What the task asks: To complete this task, print all the data below exactly but leave out the images.

········

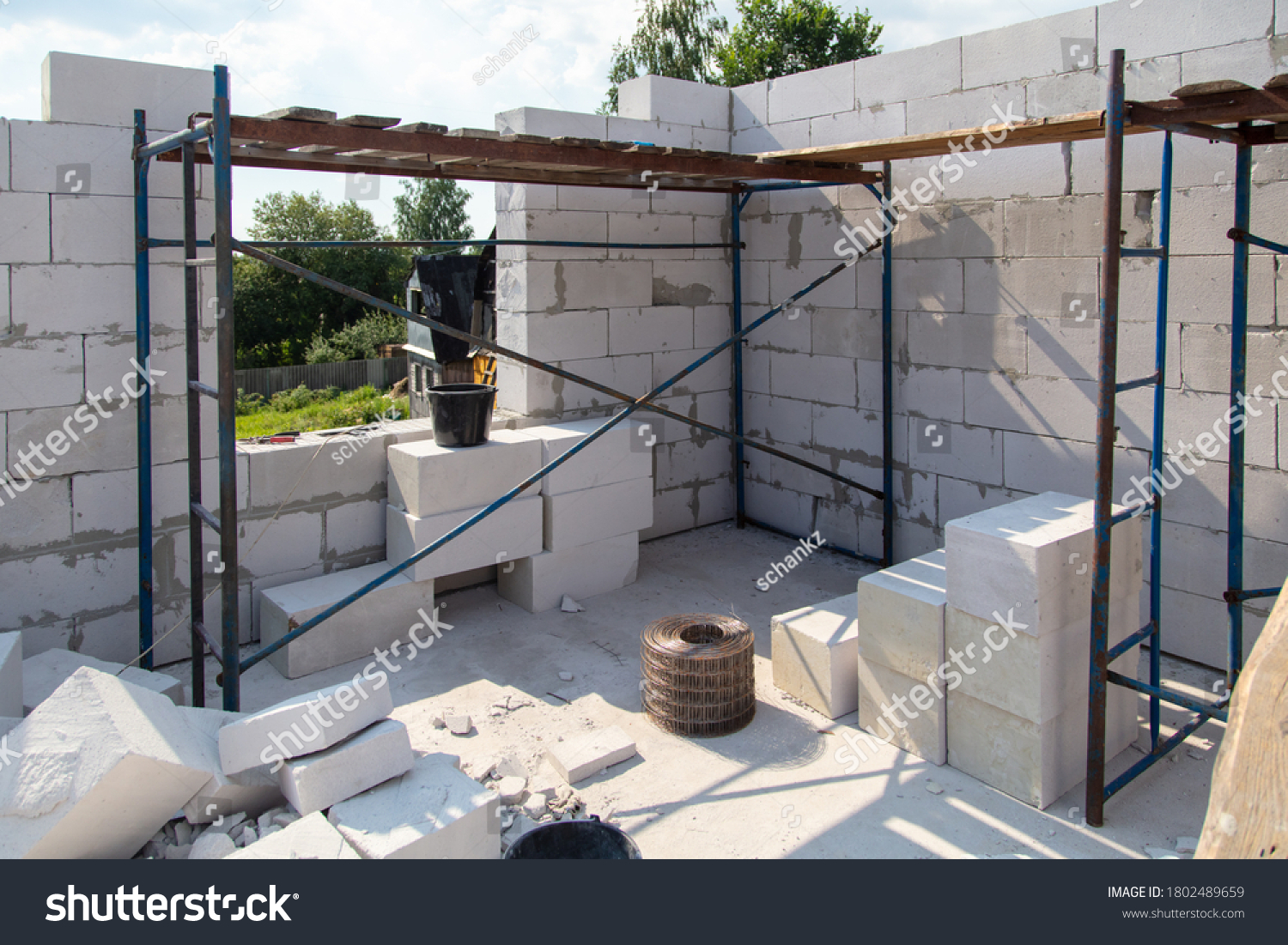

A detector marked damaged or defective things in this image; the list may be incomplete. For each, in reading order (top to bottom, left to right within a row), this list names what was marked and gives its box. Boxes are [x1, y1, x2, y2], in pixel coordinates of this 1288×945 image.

broken concrete block [0, 636, 21, 716]
broken concrete block [21, 651, 183, 716]
broken concrete block [0, 669, 215, 860]
broken concrete block [189, 834, 238, 860]
broken concrete block [176, 706, 284, 824]
broken concrete block [224, 809, 361, 860]
broken concrete block [219, 680, 394, 778]
broken concrete block [258, 561, 435, 680]
broken concrete block [279, 721, 415, 819]
broken concrete block [327, 757, 497, 860]
broken concrete block [384, 430, 541, 518]
broken concrete block [381, 497, 544, 585]
broken concrete block [497, 533, 639, 615]
broken concrete block [515, 417, 649, 500]
broken concrete block [549, 726, 639, 783]
broken concrete block [541, 476, 654, 551]
rusty reinforcement mesh [641, 615, 752, 742]
broken concrete block [768, 595, 860, 721]
broken concrete block [855, 659, 948, 772]
broken concrete block [860, 551, 953, 685]
broken concrete block [943, 497, 1144, 636]
broken concrete block [943, 600, 1144, 726]
broken concrete block [948, 680, 1139, 814]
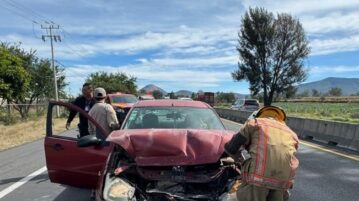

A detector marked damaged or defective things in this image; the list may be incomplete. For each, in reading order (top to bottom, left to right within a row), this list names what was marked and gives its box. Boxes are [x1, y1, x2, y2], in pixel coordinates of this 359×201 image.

damaged red car [45, 99, 242, 200]
crushed car hood [108, 130, 235, 166]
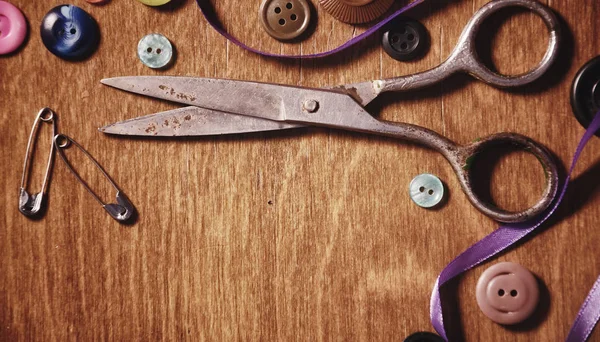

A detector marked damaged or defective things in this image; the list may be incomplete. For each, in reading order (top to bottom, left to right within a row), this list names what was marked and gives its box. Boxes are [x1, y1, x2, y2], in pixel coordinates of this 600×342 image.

rusty metal blade [101, 107, 304, 136]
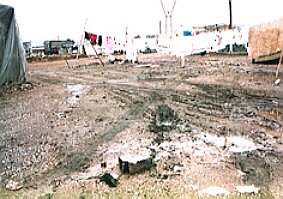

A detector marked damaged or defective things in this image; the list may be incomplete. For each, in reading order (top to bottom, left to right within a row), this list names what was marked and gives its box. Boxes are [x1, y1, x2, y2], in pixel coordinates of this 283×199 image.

········

Answer space:
A detector marked damaged or defective things in this image; the list may be incomplete. For each, in reading order (top to bottom, left to right within a row), this list names what was marked and gives its box. Boxes are [x1, y1, x2, y2], in pixel coordinates of this 1288×945 image.

broken concrete block [0, 636, 21, 716]
broken concrete block [21, 651, 183, 716]
broken concrete block [0, 669, 215, 860]
broken concrete block [189, 834, 238, 860]
broken concrete block [176, 706, 284, 824]
broken concrete block [224, 809, 361, 860]
broken concrete block [219, 680, 394, 778]
broken concrete block [258, 561, 435, 680]
broken concrete block [279, 721, 415, 819]
broken concrete block [327, 757, 497, 860]
broken concrete block [384, 430, 541, 518]
broken concrete block [381, 497, 544, 585]
broken concrete block [497, 533, 639, 615]
broken concrete block [515, 417, 649, 500]
broken concrete block [549, 726, 639, 783]
broken concrete block [541, 476, 654, 551]
rusty reinforcement mesh [641, 615, 752, 742]
broken concrete block [768, 595, 860, 721]
broken concrete block [855, 659, 948, 772]
broken concrete block [860, 551, 953, 685]
broken concrete block [943, 497, 1144, 636]
broken concrete block [943, 600, 1144, 726]
broken concrete block [948, 680, 1139, 814]

A detector marked damaged or defective things in this image; the list may be incomplete. For each, in reading order (top to bottom, left to right within a row), this list names what was marked and gives its box. Boxes are [x1, y1, x2, y2], in pixel coordinates of this 359×201 image.

damaged red car [45, 99, 242, 200]
crushed car hood [108, 130, 235, 166]

A detector marked damaged or defective things in this image; the list may be incomplete. For each, in reading order (top to bottom, left to right within a row), this list names what was marked and gives its box. Boxes are [x1, y1, x2, y2], in pixel coordinates of this 600×342 image.

rusty metal blade [101, 107, 304, 136]

A detector marked damaged or defective things in this image; the list may be incomplete. For each, in reading order (top to bottom, left to right within a row), this list names what was marked and gives its box. Boxes are [x1, y1, x2, y2], in pixel coordinates of this 283×199 image.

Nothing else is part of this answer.